* [ACTIVITY]
When copying the data below, keep only the lines from the one with "Cartoon Dog Letter" through the one with "Мужские трусы-боксеры из", word for word, and skip the pictures.

* [SOURCE MATERIAL]
········
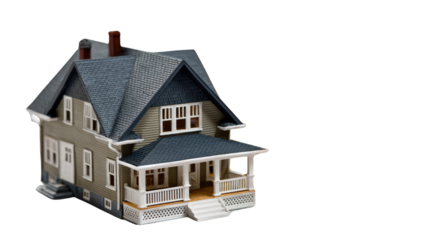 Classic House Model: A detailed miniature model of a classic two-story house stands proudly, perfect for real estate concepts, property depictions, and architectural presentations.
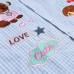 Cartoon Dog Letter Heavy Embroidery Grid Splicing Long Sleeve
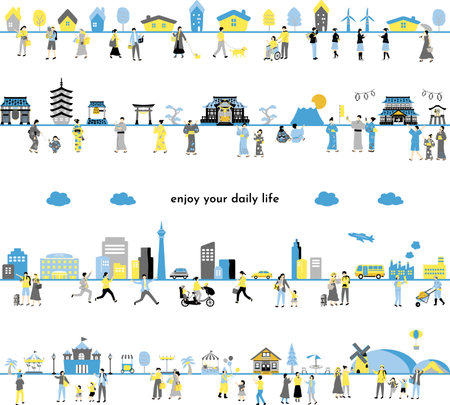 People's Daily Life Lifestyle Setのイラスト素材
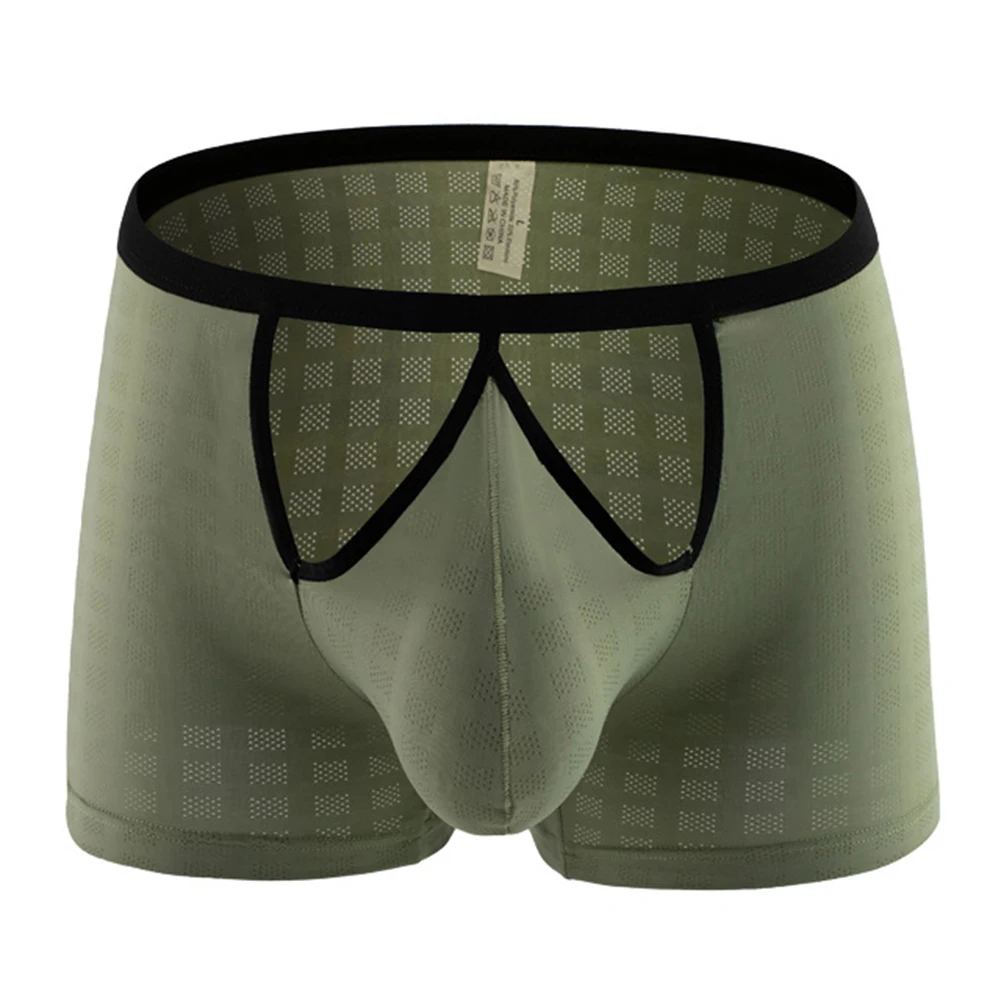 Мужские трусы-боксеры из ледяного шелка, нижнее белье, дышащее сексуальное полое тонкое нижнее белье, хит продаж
········
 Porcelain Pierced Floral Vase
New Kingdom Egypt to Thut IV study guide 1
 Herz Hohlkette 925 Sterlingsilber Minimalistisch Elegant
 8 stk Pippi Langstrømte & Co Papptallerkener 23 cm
········
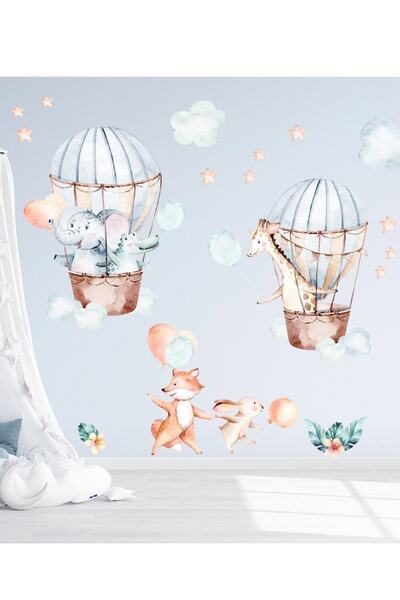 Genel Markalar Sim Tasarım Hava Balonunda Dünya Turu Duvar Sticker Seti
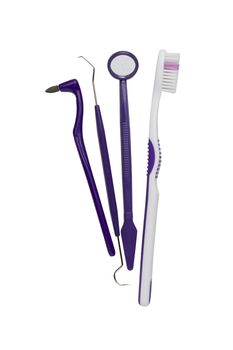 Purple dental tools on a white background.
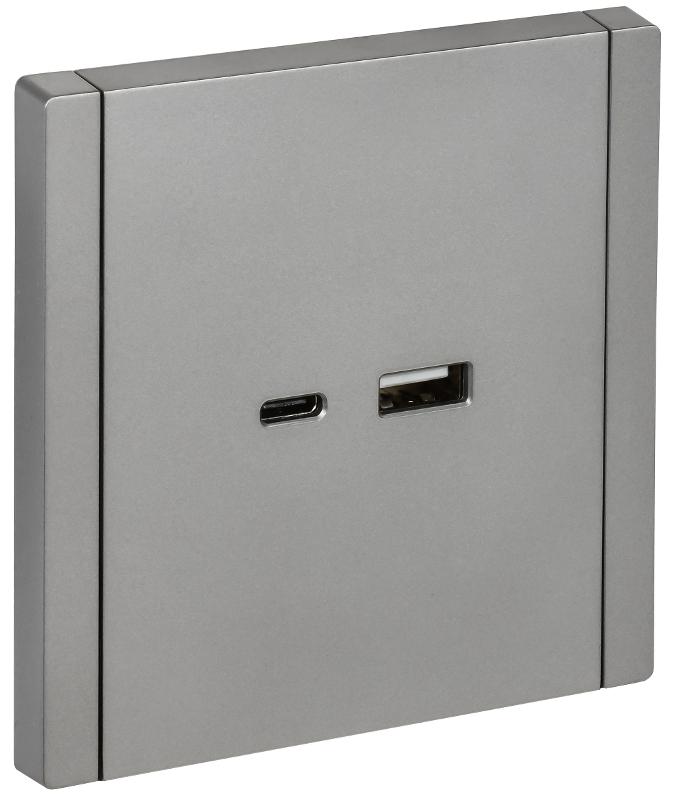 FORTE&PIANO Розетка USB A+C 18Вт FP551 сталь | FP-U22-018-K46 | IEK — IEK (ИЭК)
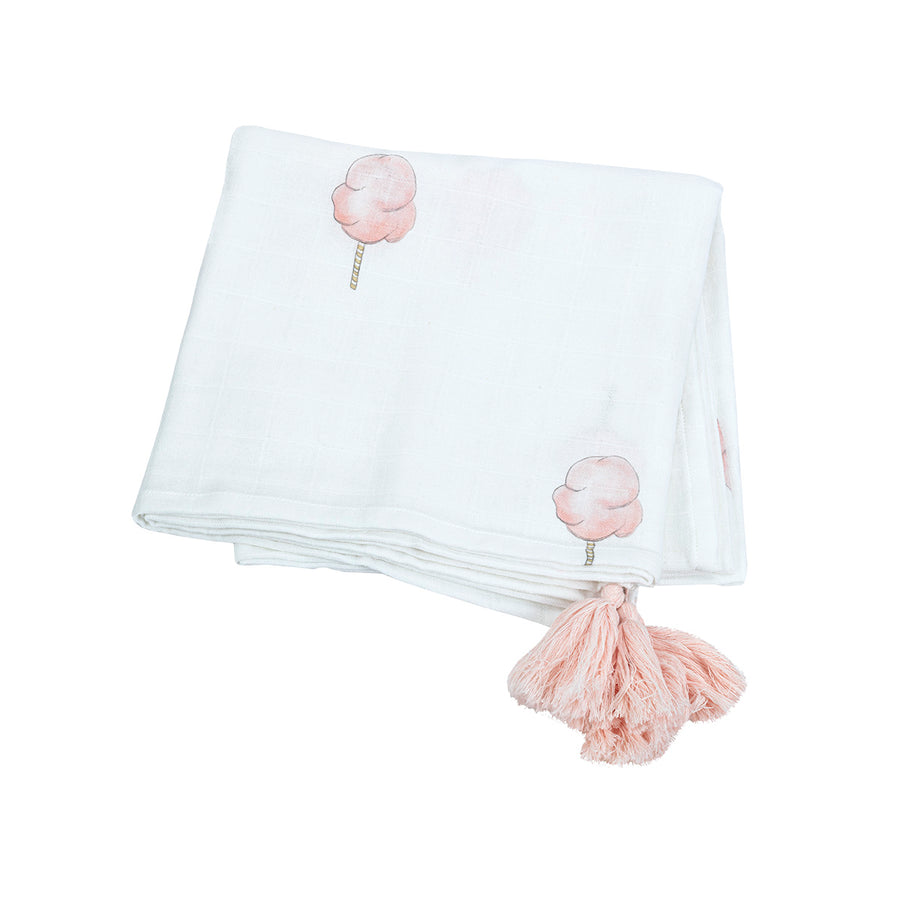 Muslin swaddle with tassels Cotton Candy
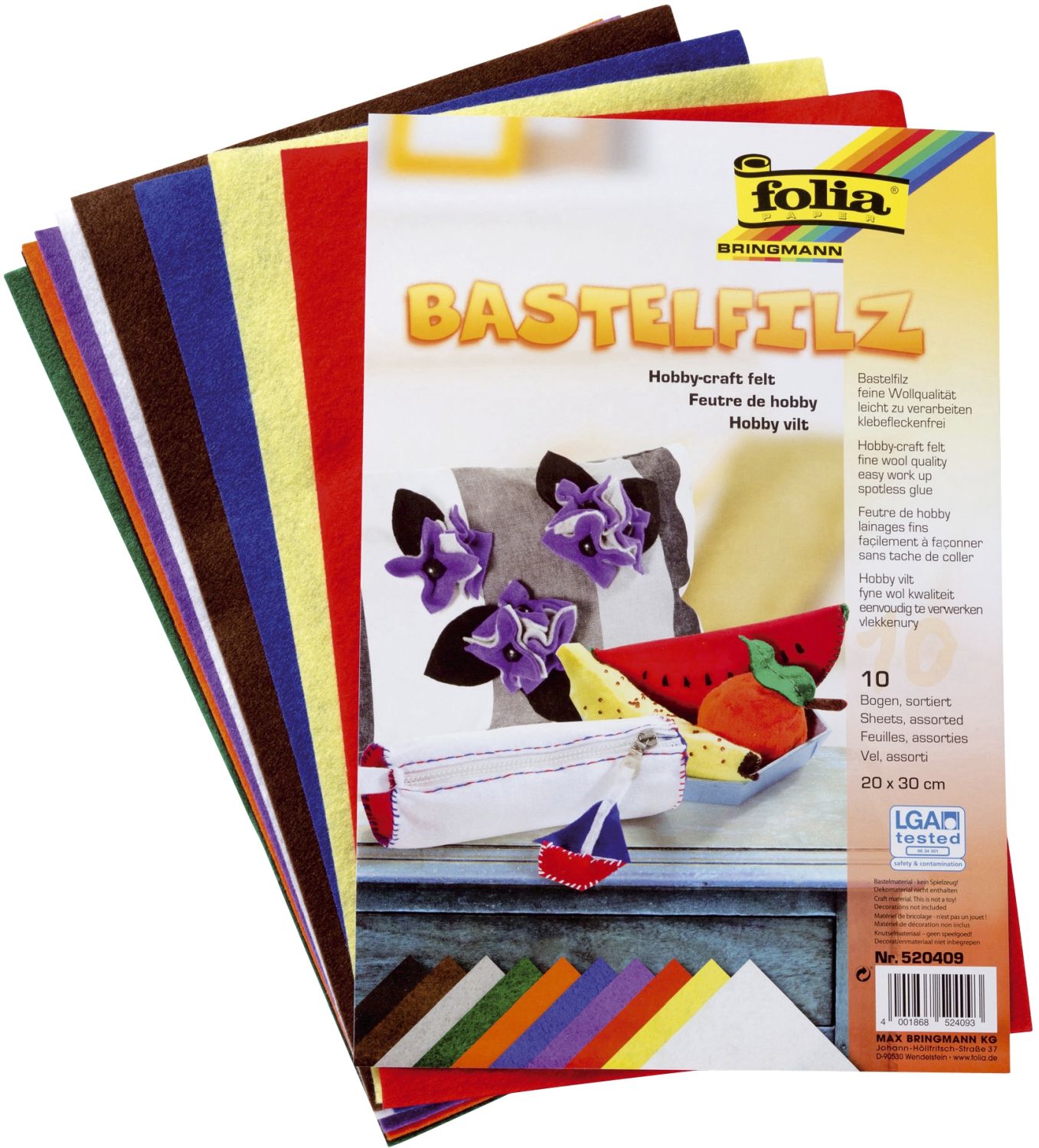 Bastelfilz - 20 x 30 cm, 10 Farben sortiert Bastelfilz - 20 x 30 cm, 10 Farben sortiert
········
* [TASK RESPONSE]
 Cartoon Dog Letter Heavy Embroidery Grid Splicing Long Sleeve
 People's Daily Life Lifestyle Setのイラスト素材
 Мужские трусы-боксеры из ледяного шелка, нижнее белье, дышащее сексуальное полое тонкое нижнее белье, хит продаж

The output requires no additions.